I have heard about a famous astrologer whose townsmen had
become scared of him because whatever he predicted came true. So two young men
of his town conspired. To do something so that for once the astrologer would be
proved false. As it was winter time, one of them put on an overcoat and hid a
pigeon inside it. Together they went to the astrologer’s house to test him.
They told the astrologer that they had a pigeon hidden inside the overcoat and
they wanted him to say if it was alive or dead. They had settled among
themselves that if the astrologer said the pigeon was alive, the pigeon would
be throttled and killed before being taken out, and in case he said it was dead
the live pigeon would be taken out. The astrologer would have no way to be
right, so the two friends thought.
But the answer of the astrologer was one they could not have conceived. He said, ”It is in your hands.” He said, ”The pigeon is neither alive nor dead; it is in your hands. It depends on you.” They were flabbergasted and they said, ”You have defeated us, sir.”
Our life is in our hands, and for people like Krishna it is utterly in their hands. They live the way they want to live. Society as such, its social and political conditions, or any kind of external pressures, do not make a difference to them; they go their own way. Their beings are exclusively their own. Of course, they do make some adjustments with the societies they live in, but they do so out of compassion for those societies. Such adjustments are made not for fear of punishment or for reward. And many things happen just because of their living in a particular time, things that would not take place without their presence. But these things are insignificant and irrelevant, they have nothing to do with their inner lives as such.

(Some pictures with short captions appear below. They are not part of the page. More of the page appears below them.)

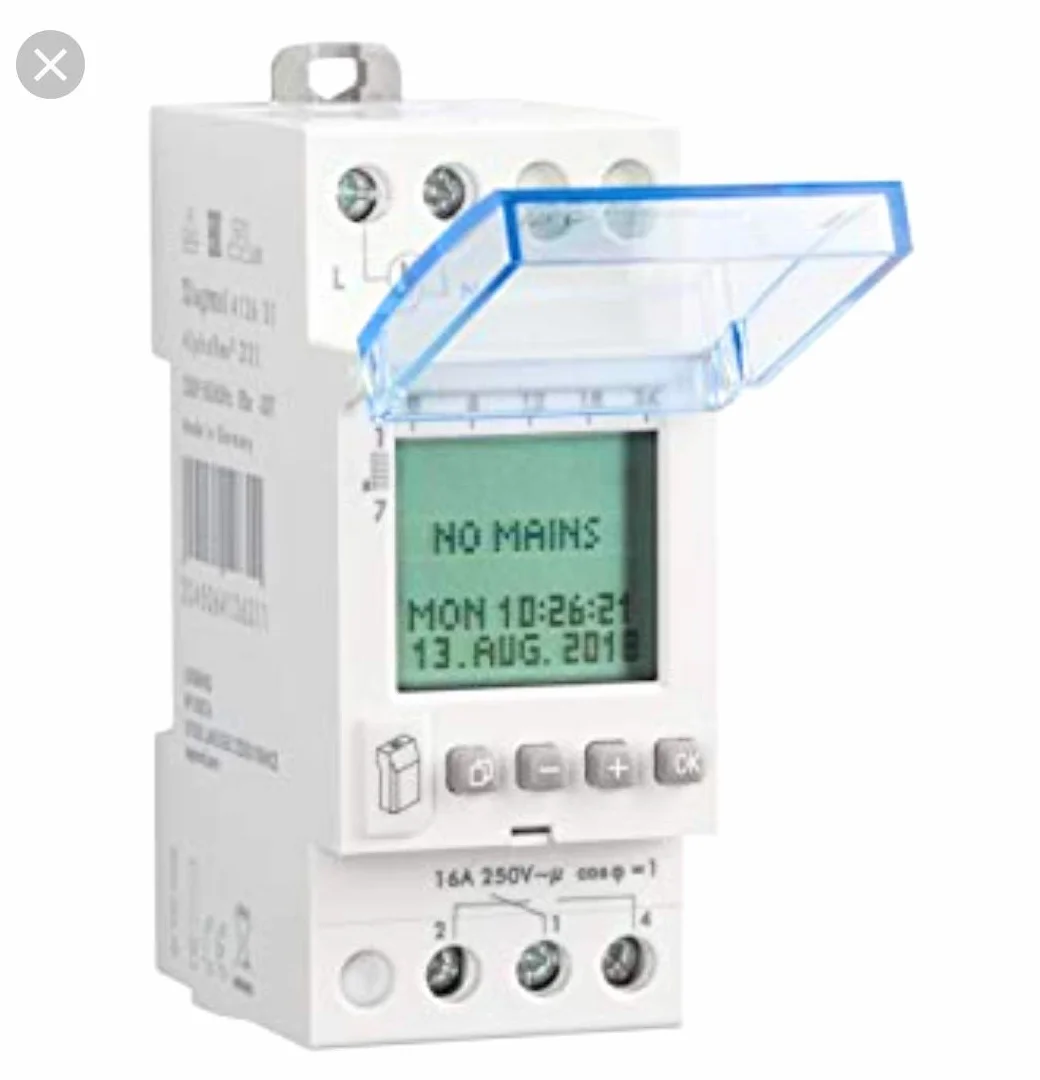LEGRAND, Cyfrowy zegar sterujący Astro z funkcją kombi AlphaRex D21, 1-kanałowy, 2-modułowy z 56 programami przełączania do szyny montażowej 230 V/50 Hz, 412654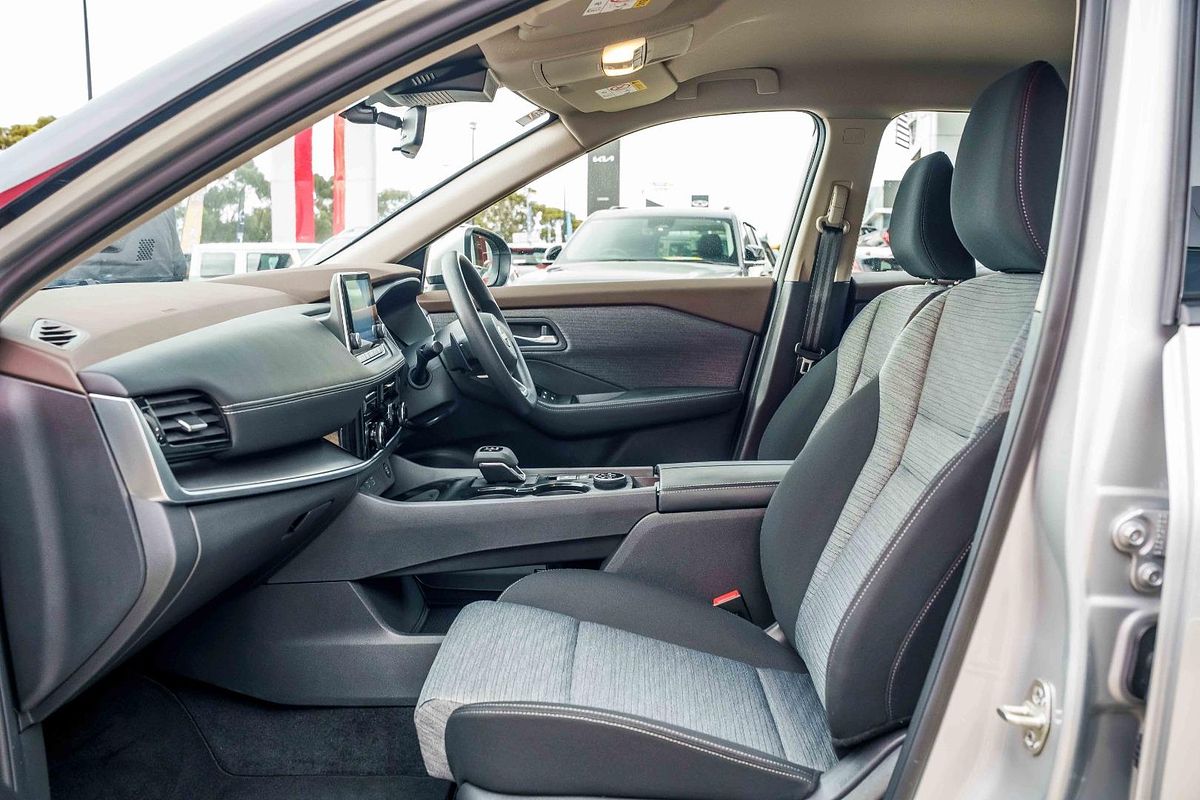 2025 Nissan X-TRAIL ST T33
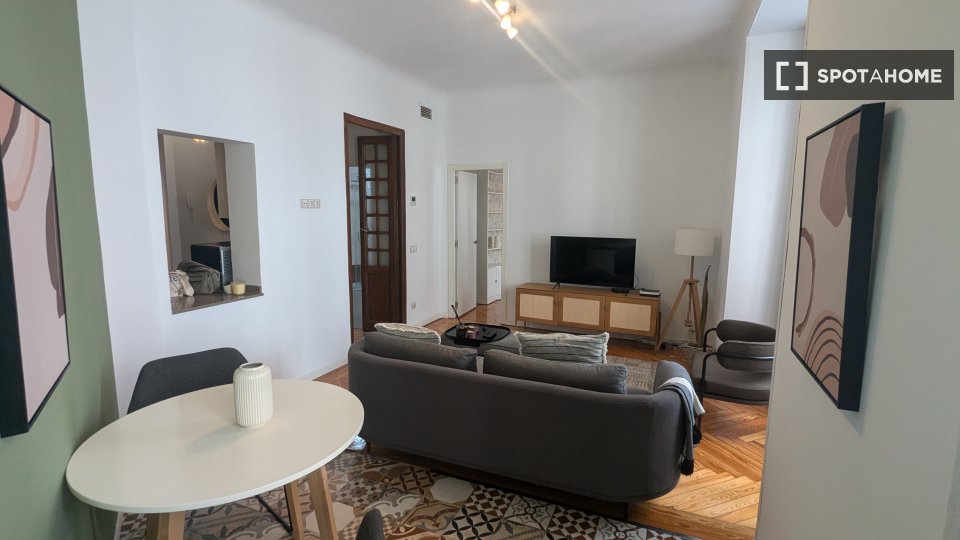 Apartment Madrid, 1 bed, 69m² — photo 5
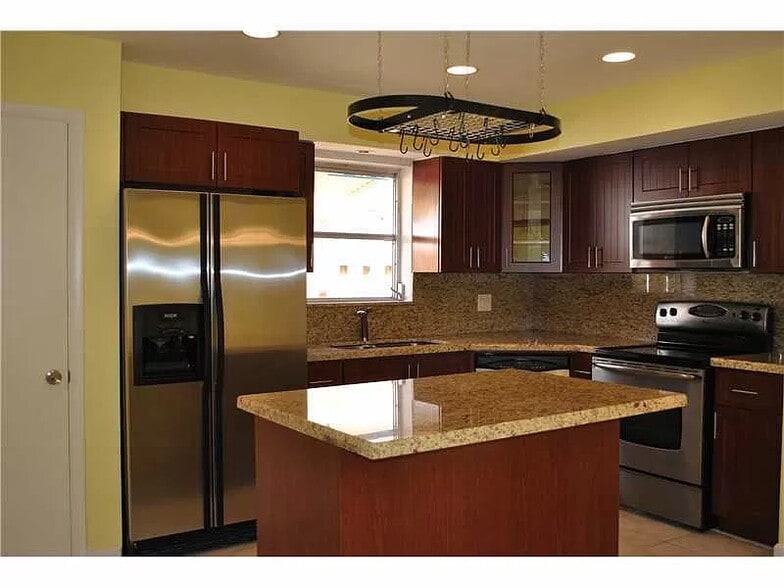 Kitchen - 3345 Hayes St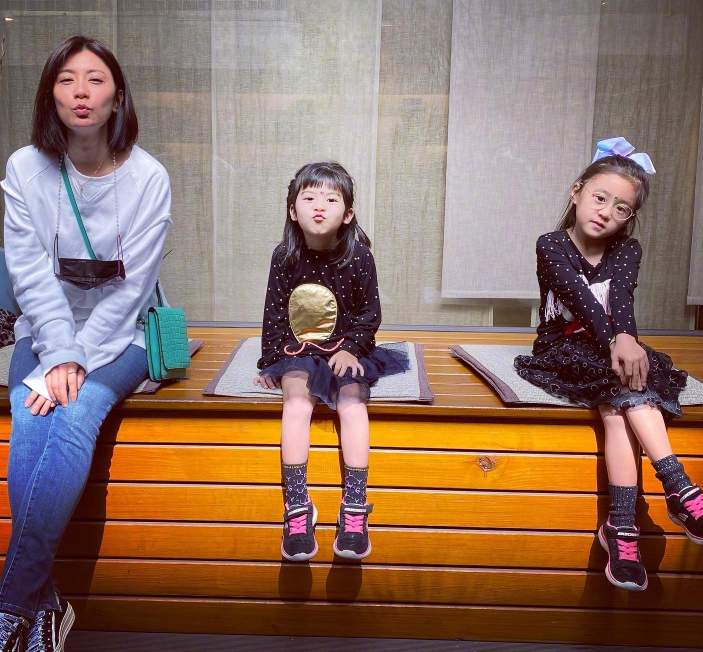 咘咘美照被傳，3歲妹妹波妞意外成焦點，這生圖顏值美翻了呀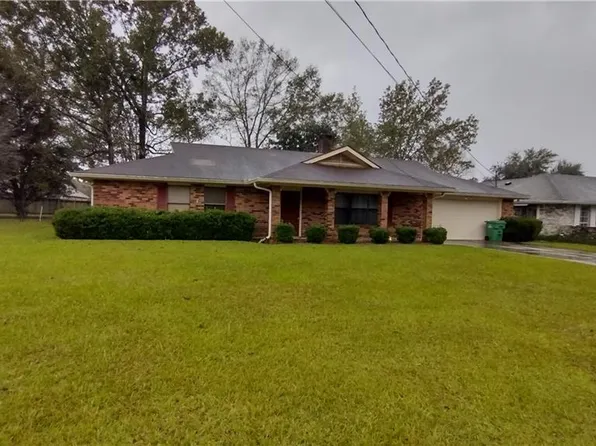 508 Country Club Dr, Picayune, MS 39466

Please listen. Men like Krishna do not come to this world for the sake of a particular society or for the sake of some particular social and political condition. Nor do they come to protect some kind of special people. It is true some people receive guidance, and even protection at their hands, but it is a different matter altogether. Krishna flowers out of his own ecstasy and this happens without a cause. It is as causeless as the dance of the stars in the heavens and the blossoming of the flowers on the earth. It is as causeless as the passing of the breeze through the pine tree and the clouds raining in the monsoon. But we are not so purposeless. All of us are tethered to some purpose in life, and therefore we are unable to understand Krishna. We live with a goal in life, with a purpose, a motive. Even if we love someone we do so with a purpose; we give our love with a condition, a string attached to it. We always want something in return. Even our love is not purposeless, unconditional, uncontaminated.
We never do a thing without motive, just for the love of it. And remember, unless you begin to do something without a cause, without a reason, without a motive, you cannot be religious. The day something in your life happens causeless, when your action has no motive or condition attached to it, when you do something just for the love and joy of doing it, you will know what religion is, what God is.